FIG. 4 is an operational flow diagram of the operations 400 occurring in the query analyzer 108 in order to generate alternative suggestions to the user's query 102. The process 400 begins in operation 402 wherein a user query 102 is sensed. Control then passes to operation 404.

In operation 404, the query, which is usually two or more words, is tokenized into individual words or n-grams. Each word is individually analyzed in the below steps. It is to be understood, however, that, at this point, the query could also be parsed into two or three word groupings for analysis. The methodology would, in that case, be quite similar to the individual word approach described herein. In addition some of the frequencies of interest in the multi-word case may be the frequencies in which one word is likely to follow another, and not just the frequency of the phrase within the corpus. These frequencies may also be accommodated and evaluated. Once the query is tokenized, or parsed, into separate words, control transfers to operation 406.

In operation 406, the first/next word is examined. The analyzer calls the word generator module 306 and provides the word generator module 306 with the first word. The word generator module 306 then returns any close spellings of the first/next query word that exist in the lexicon 308 as query suggestion words. The analyzer 400 then transfers control to operation 408.

In operation 408, the popularity table module 304 is accessed and returns the popularity values for each of the query suggested words. Control then transfers to operation 410 where the popularity value for the first/next query word being examined is also provided to the analyzer 108. Control then transfers to operation 412.

In operation 412, the popularity value for the first/next query word is compared to each popularity value for the suggested alternative words. Control then transfers to query operation 414 where the question is asked whether there is a query suggestion word that is more popular than the user's first/next query word. If the popularity value for the user's first/next query word is greater than the popularity value of the suggested word or words, then the answer is no, and no alternative suggestion is returned. Control transfers back to operation 406 for examination of the next query word.
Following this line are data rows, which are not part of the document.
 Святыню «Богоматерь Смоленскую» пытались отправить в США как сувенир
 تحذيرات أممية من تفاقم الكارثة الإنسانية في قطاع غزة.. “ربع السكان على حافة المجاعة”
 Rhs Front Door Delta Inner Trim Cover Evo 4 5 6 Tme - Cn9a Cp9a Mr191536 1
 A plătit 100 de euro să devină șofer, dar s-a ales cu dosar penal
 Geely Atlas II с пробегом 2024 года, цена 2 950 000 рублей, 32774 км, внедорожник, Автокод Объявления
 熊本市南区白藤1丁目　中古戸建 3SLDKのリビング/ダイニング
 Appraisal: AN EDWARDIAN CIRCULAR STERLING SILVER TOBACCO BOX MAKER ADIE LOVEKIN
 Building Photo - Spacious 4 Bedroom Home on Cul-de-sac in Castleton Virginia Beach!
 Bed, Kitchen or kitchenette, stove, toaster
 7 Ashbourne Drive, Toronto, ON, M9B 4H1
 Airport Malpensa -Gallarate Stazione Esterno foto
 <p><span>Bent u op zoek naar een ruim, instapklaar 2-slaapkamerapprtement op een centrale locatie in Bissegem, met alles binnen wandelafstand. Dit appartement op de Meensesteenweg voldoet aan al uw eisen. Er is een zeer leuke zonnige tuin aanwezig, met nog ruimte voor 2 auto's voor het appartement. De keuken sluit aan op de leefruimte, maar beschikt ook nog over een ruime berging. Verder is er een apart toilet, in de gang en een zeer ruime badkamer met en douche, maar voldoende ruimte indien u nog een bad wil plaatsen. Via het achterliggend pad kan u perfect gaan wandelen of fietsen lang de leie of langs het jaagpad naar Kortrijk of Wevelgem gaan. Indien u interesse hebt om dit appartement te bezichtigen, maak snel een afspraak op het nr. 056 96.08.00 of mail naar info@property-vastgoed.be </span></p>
On the other hand, if one or more of the suggested words is more popular than the user's query word, then the answer in operation 414 is yes, and control transfers to operation 416.

In operation 416, the query suggestion word or n-gram is slated to be returned by the analyzer 108 to the user as an alternative query word and either can be immediately displayed to the user or held until all words in the query have been examined. In either case, control then passes to operation 418 where the analyzer examines for a next query word. Control then transfers to query operation 420.

In query operation 420, the query is made whether there are any more tokenized user query words to be evaluated. If the answer is yes, control transfers again back to operation 406 where the next word is examined. On the other hand, if the answer is no, there are no further words in the user query, control passes to end operation 422, where the alternative query suggestion words, if any remain to be sent, are displayed to the user as alternatives.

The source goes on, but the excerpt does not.